### [ASSIGNED TASK]
With the material below, print exactly the lines between the line holding "СХЕМА ЗАДЕРЖАННОЙ АРУ С КРЕМНИЕВЫМ ДИОДОМ" and the line holding "الحياة اليوم", inclusive. Add nothing else.

Start of AVAILABLE RECORDS

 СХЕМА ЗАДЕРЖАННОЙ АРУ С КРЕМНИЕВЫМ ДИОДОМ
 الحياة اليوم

End of AVAILABLE RECORDS
Start of AVAILABLE RECORDS

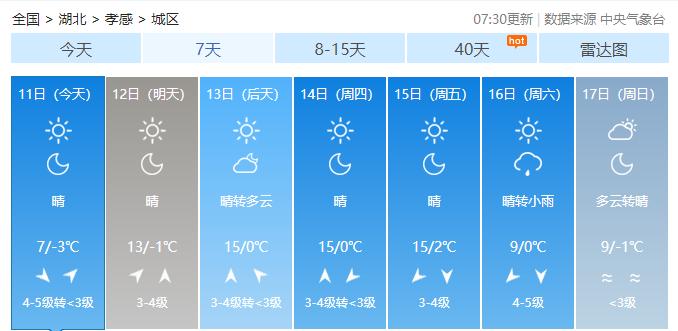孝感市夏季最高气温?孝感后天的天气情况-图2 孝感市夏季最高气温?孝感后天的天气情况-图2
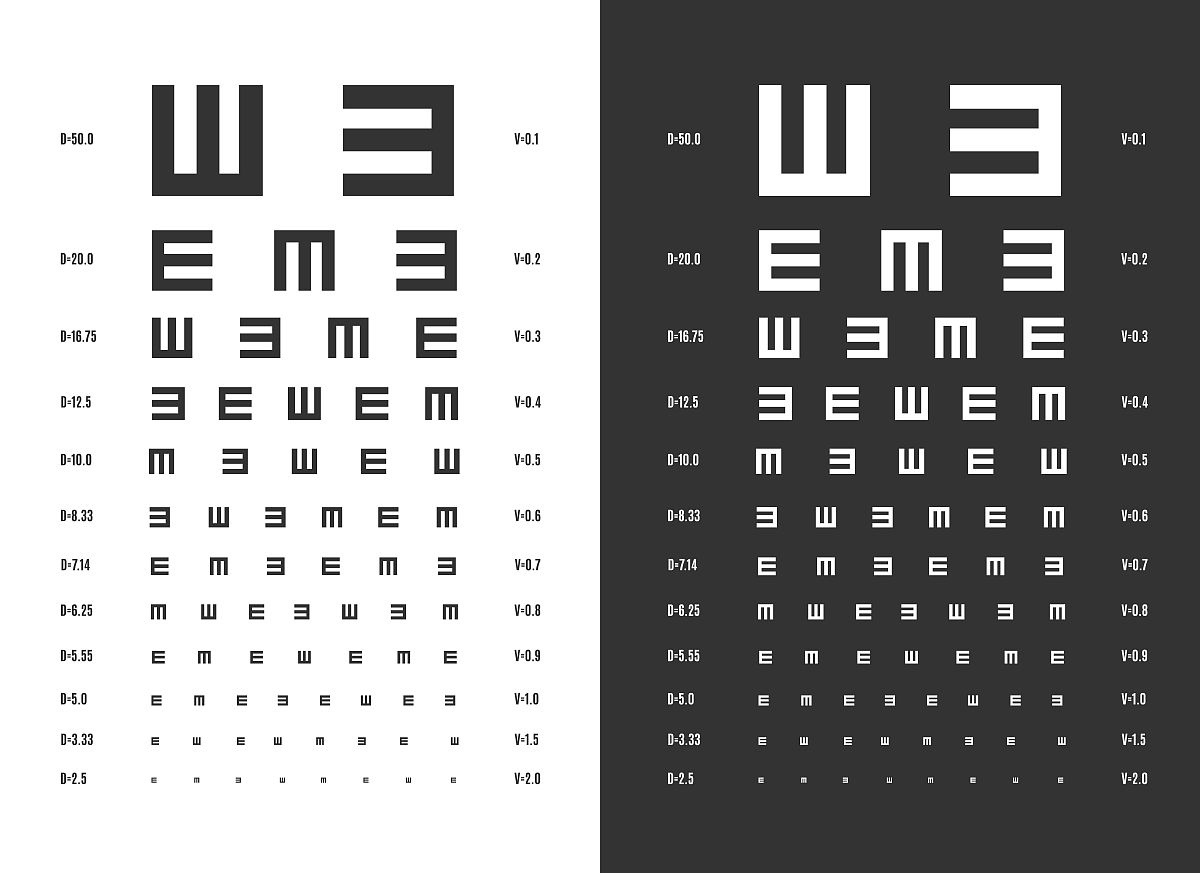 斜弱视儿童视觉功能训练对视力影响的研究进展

End of AVAILABLE RECORDS
Start of AVAILABLE RECORDS

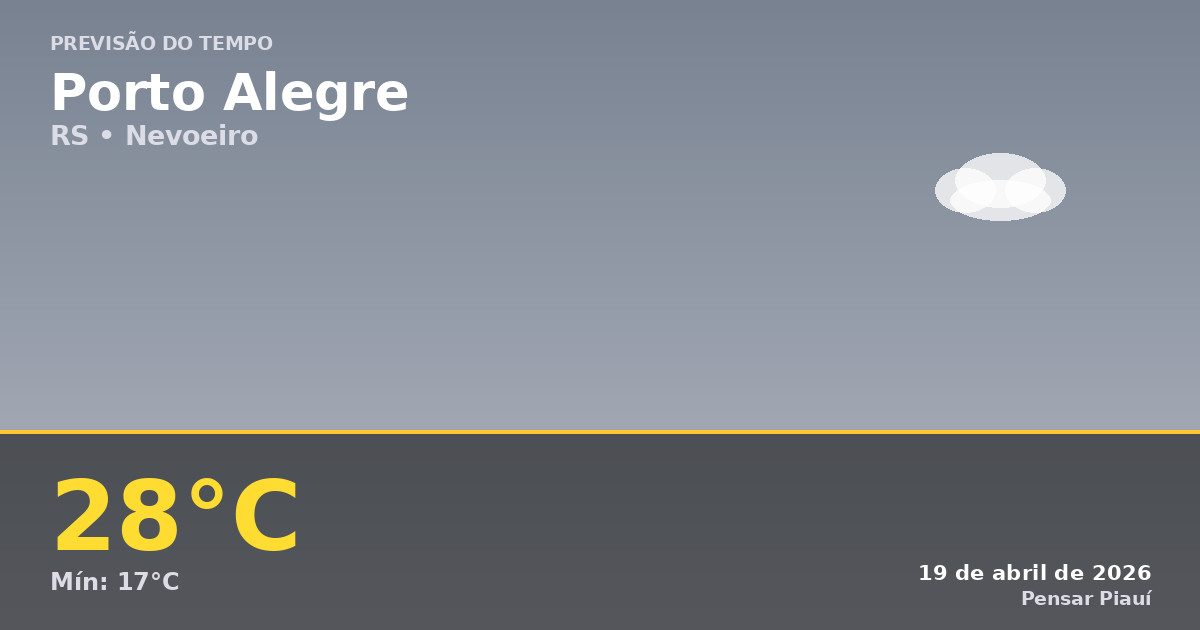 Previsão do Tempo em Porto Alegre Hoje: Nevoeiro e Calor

End of AVAILABLE RECORDS

### [SOLUTION TO THIS TASK]
 СХЕМА ЗАДЕРЖАННОЙ АРУ С КРЕМНИЕВЫМ ДИОДОМ
 الحياة اليوم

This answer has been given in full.